**Task:** The entries below contain a stretch that opens with the line containing "Black running shoe" and closes with the line containing "Sa‘ab Banī KhamīsCloud"; set down that stretch exactly, both ends included, and nothing else.

**Extracted records:**
= = = = = = =

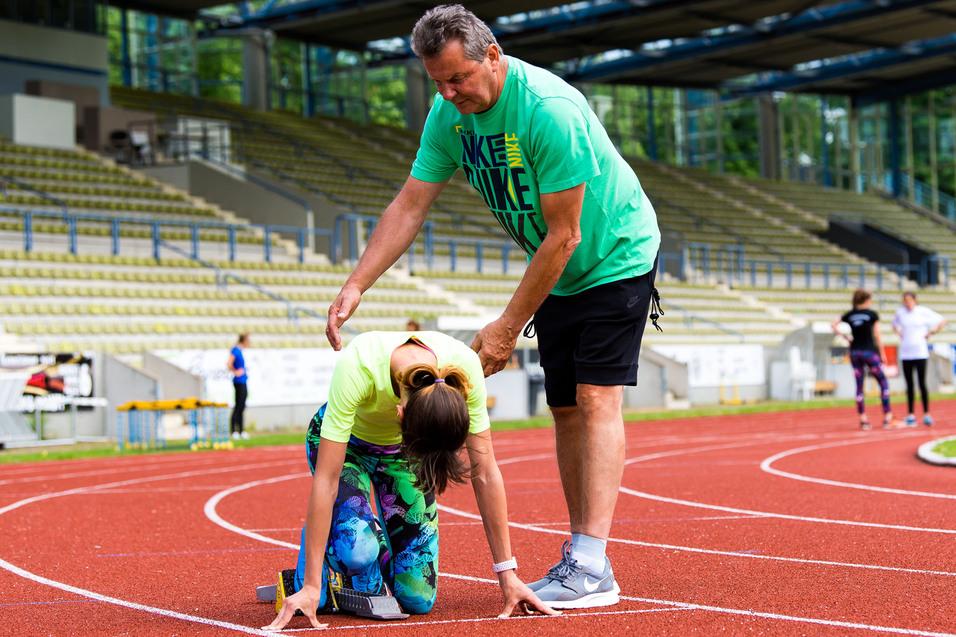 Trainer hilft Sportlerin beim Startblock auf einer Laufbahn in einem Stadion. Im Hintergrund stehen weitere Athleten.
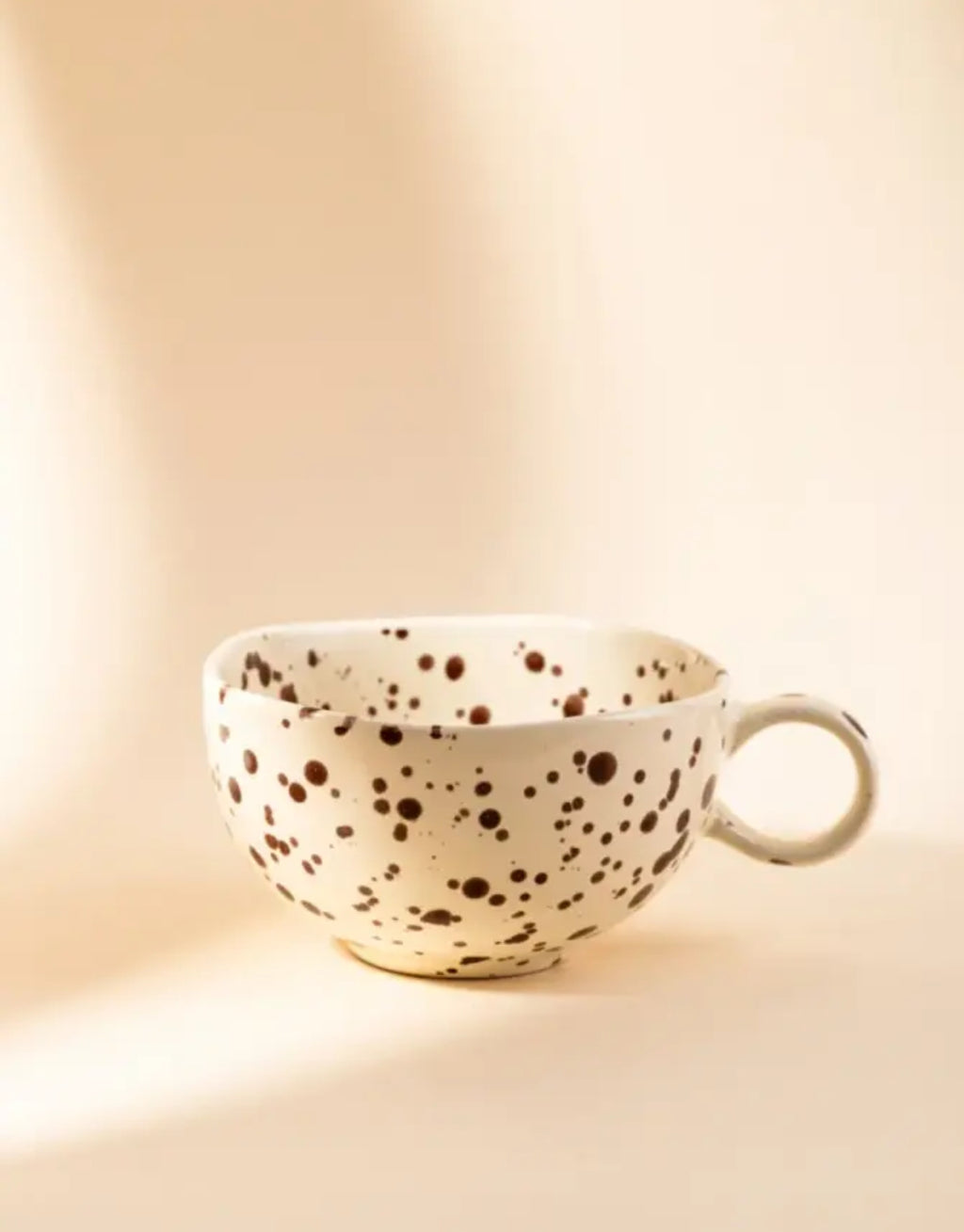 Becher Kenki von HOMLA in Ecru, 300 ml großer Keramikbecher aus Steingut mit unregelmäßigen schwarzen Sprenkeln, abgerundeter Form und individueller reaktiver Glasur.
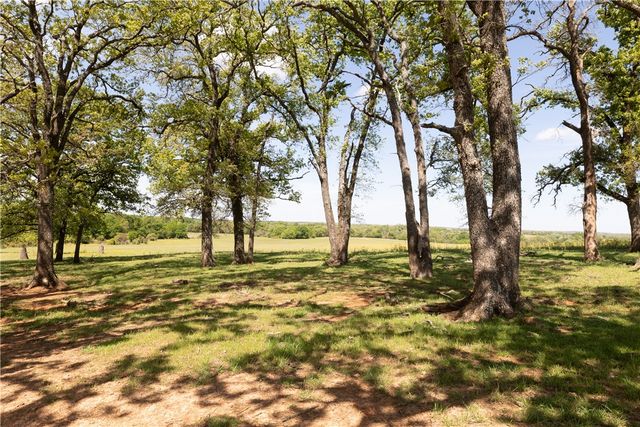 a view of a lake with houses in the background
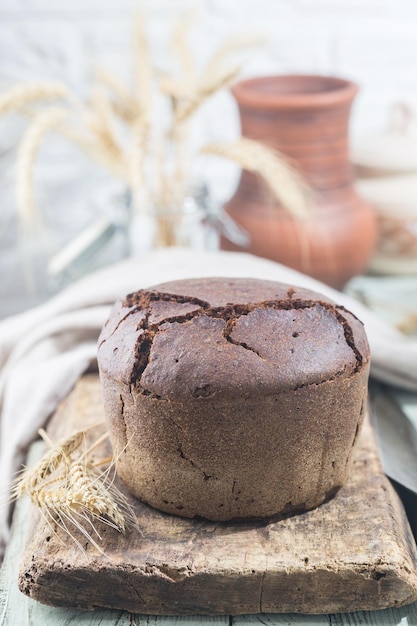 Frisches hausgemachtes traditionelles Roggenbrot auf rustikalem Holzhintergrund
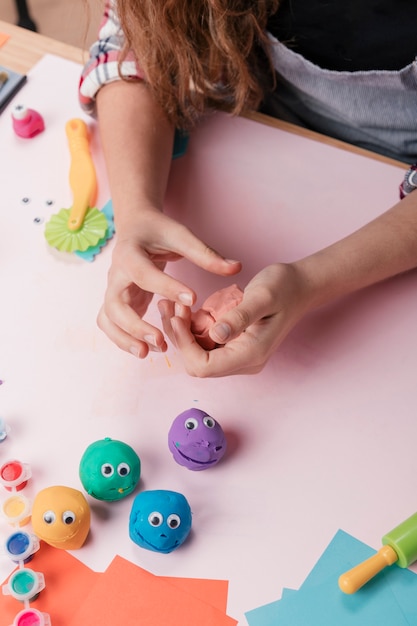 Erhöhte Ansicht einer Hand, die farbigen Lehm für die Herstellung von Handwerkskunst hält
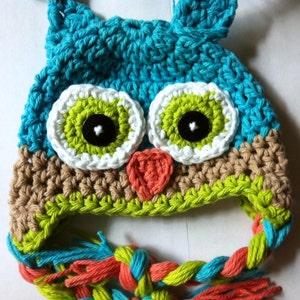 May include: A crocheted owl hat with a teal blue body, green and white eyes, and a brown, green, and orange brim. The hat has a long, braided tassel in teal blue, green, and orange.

= = = = = = =

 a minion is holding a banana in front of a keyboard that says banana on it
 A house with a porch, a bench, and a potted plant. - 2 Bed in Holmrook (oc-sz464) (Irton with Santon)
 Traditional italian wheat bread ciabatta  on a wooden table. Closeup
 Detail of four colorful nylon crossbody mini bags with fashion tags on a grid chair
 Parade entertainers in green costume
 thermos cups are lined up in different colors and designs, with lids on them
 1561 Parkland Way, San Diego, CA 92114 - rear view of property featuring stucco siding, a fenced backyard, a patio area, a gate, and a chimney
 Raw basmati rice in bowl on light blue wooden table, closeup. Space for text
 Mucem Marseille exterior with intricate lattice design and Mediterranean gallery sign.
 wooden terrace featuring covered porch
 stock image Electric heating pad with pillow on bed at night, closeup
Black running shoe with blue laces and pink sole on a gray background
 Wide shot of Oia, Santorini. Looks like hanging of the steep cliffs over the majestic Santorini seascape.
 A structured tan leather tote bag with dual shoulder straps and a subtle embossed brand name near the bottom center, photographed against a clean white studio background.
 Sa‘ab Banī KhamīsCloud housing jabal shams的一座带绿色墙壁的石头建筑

= = = = = = =

**Reply:**
Black running shoe with blue laces and pink sole on a gray background
 Wide shot of Oia, Santorini. Looks like hanging of the steep cliffs over the majestic Santorini seascape.
 A structured tan leather tote bag with dual shoulder straps and a subtle embossed brand name near the bottom center, photographed against a clean white studio background.
 Sa‘ab Banī KhamīsCloud housing jabal shams的一座带绿色墙壁的石头建筑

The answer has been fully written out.